_EXERCISE INPUT_
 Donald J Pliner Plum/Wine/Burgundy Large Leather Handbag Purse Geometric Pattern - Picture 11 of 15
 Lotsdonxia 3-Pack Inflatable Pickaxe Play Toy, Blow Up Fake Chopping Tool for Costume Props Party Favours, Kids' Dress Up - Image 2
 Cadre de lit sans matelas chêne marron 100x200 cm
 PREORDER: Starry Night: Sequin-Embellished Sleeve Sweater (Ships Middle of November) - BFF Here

---

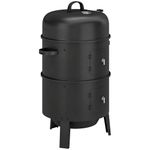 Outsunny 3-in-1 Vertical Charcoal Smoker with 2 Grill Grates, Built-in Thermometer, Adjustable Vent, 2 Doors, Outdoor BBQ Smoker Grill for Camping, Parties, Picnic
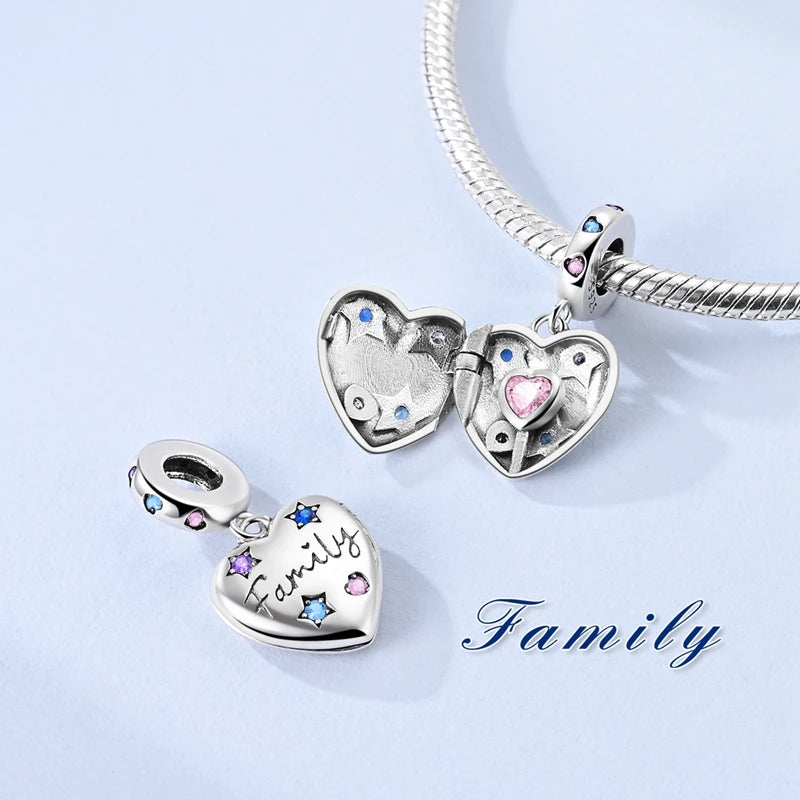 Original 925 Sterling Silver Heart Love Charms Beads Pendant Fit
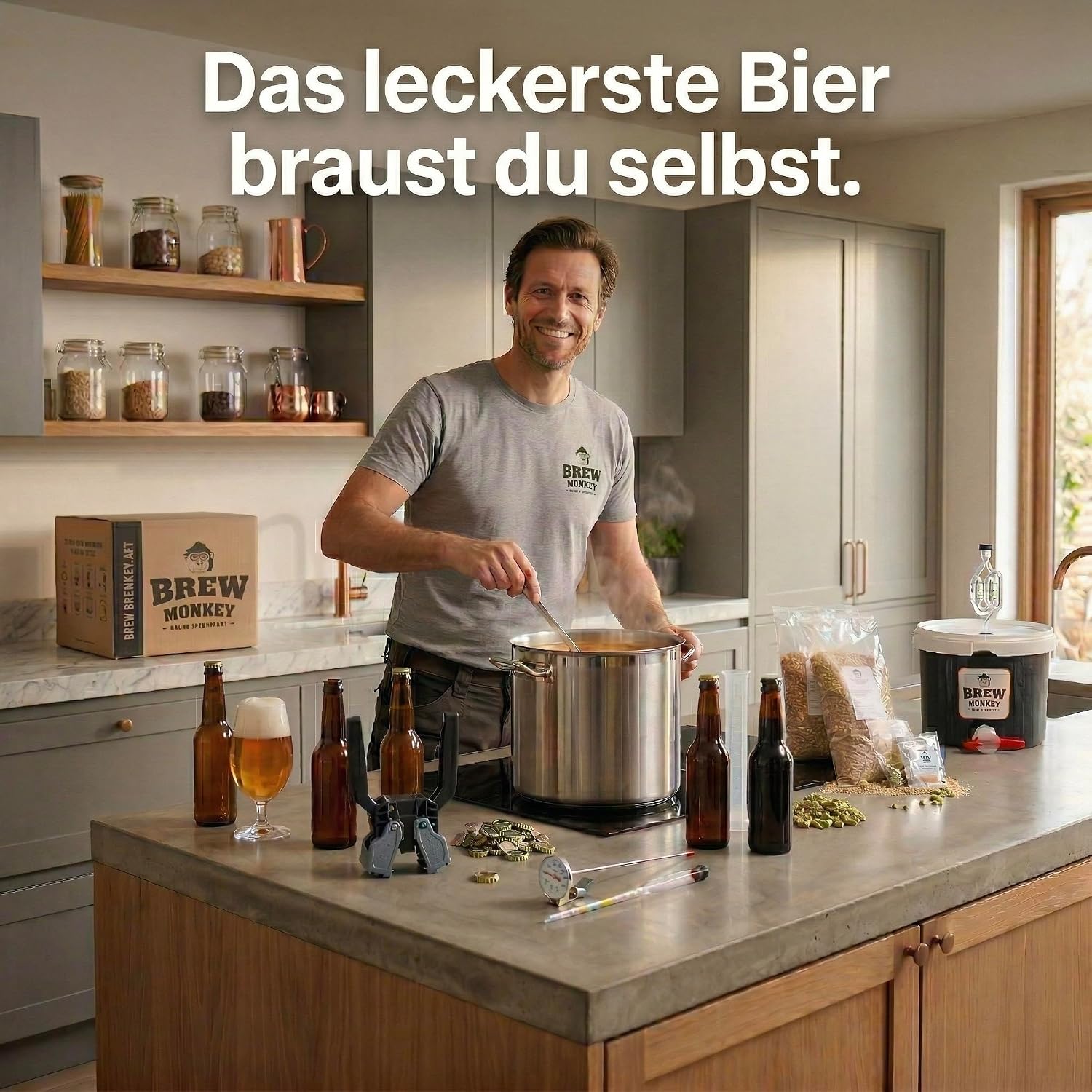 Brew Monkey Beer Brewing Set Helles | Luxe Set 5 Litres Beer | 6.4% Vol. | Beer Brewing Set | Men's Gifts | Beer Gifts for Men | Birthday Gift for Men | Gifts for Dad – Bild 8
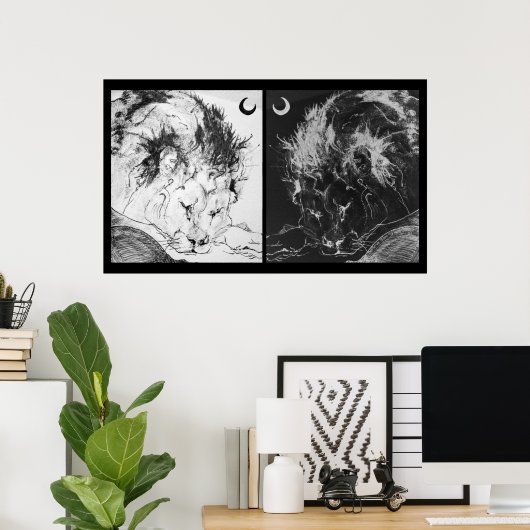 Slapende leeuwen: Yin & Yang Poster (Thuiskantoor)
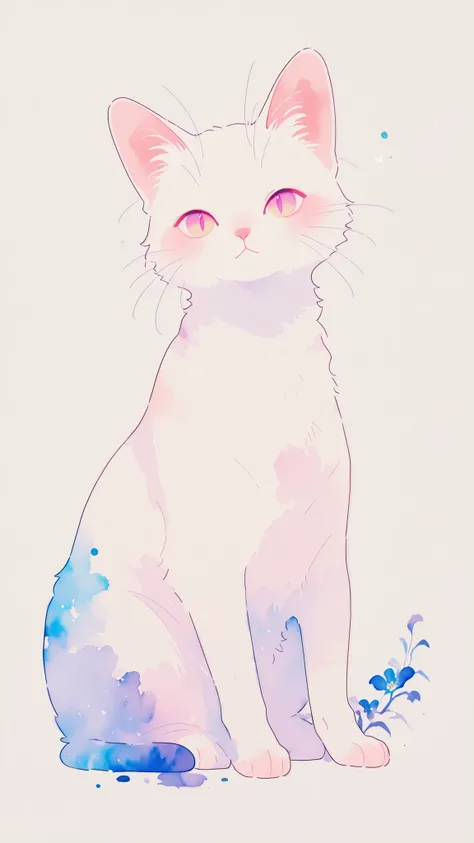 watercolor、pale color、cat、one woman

...

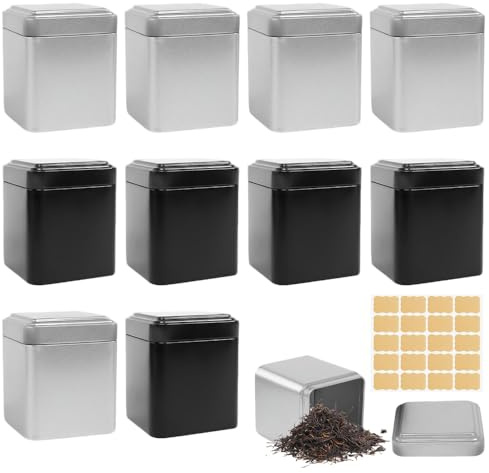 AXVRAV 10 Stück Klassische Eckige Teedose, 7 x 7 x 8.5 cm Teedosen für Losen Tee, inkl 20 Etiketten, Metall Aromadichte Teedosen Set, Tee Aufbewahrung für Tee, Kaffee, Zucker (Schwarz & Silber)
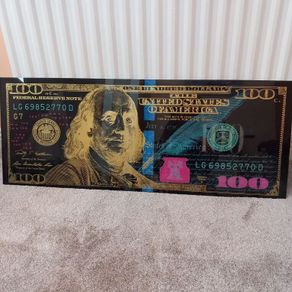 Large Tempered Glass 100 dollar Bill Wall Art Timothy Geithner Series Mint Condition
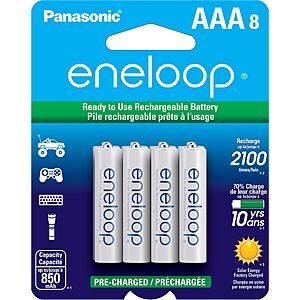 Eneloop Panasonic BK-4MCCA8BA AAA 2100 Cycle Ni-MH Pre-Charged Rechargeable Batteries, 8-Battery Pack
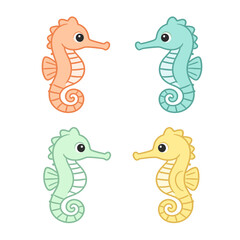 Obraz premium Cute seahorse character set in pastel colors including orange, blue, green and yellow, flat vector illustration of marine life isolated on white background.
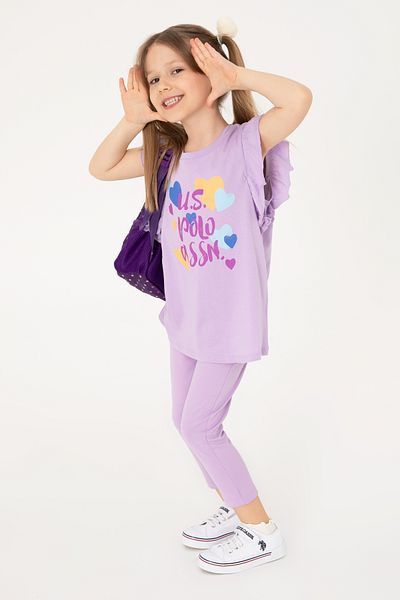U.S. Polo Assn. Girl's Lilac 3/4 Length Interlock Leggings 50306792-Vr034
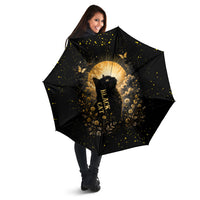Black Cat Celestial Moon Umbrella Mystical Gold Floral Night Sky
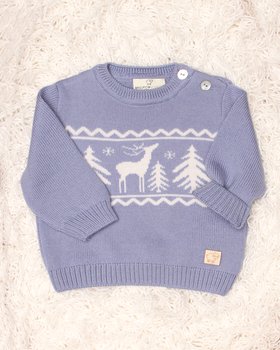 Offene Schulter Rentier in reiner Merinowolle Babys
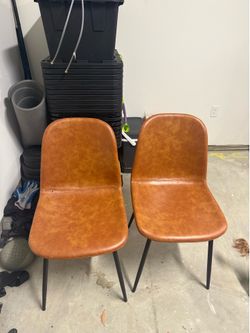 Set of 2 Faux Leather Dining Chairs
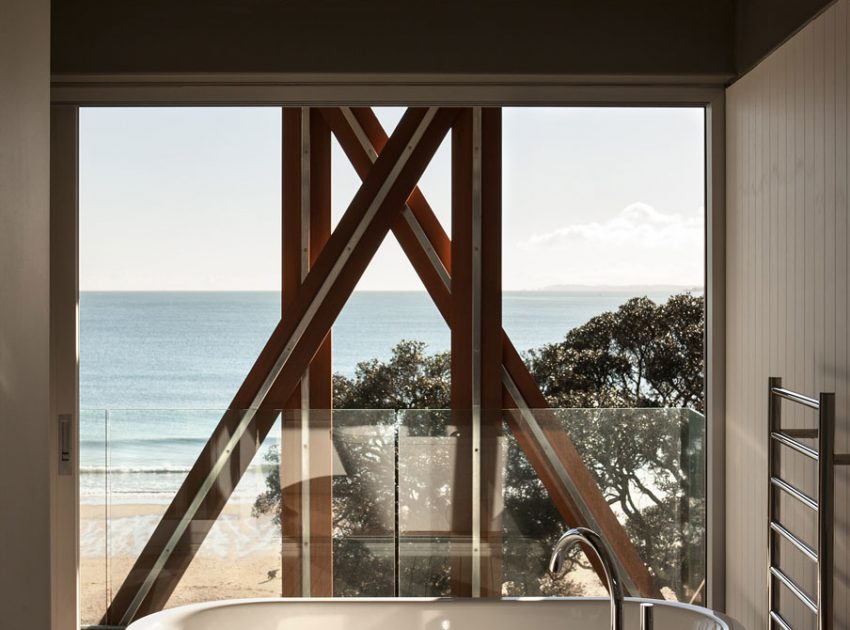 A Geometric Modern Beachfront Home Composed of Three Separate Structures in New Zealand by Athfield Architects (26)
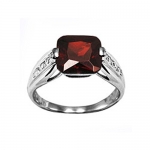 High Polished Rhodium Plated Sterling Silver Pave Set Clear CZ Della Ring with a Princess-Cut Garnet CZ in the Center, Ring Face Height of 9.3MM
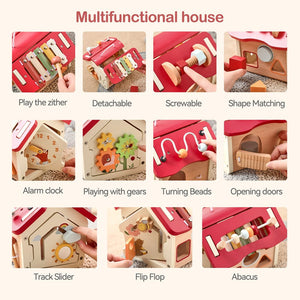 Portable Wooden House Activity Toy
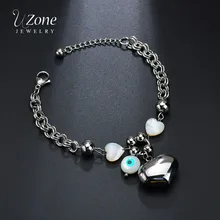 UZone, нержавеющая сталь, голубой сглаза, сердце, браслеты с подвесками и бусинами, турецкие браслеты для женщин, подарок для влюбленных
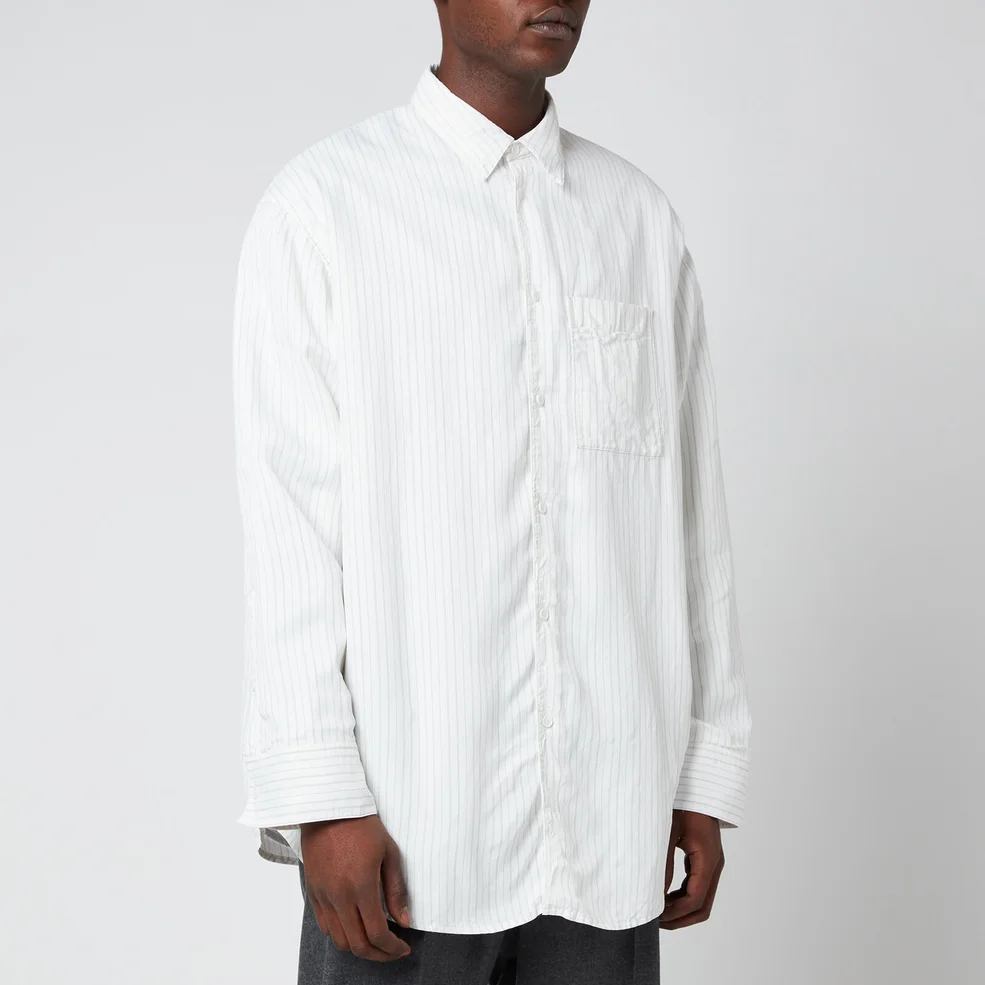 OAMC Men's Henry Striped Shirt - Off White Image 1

_EXERCISE_
Copy range, inclusive: the line holding "Cadre de lit" to the line holding "PREORDER: Starry Night: Sequin-Embellished". Reproduce exactly those lines of the records above and no others.

_RESPONSE FOR THIS EXERCISE_
 Cadre de lit sans matelas chêne marron 100x200 cm
 PREORDER: Starry Night: Sequin-Embellished Sleeve Sweater (Ships Middle of November) - BFF Here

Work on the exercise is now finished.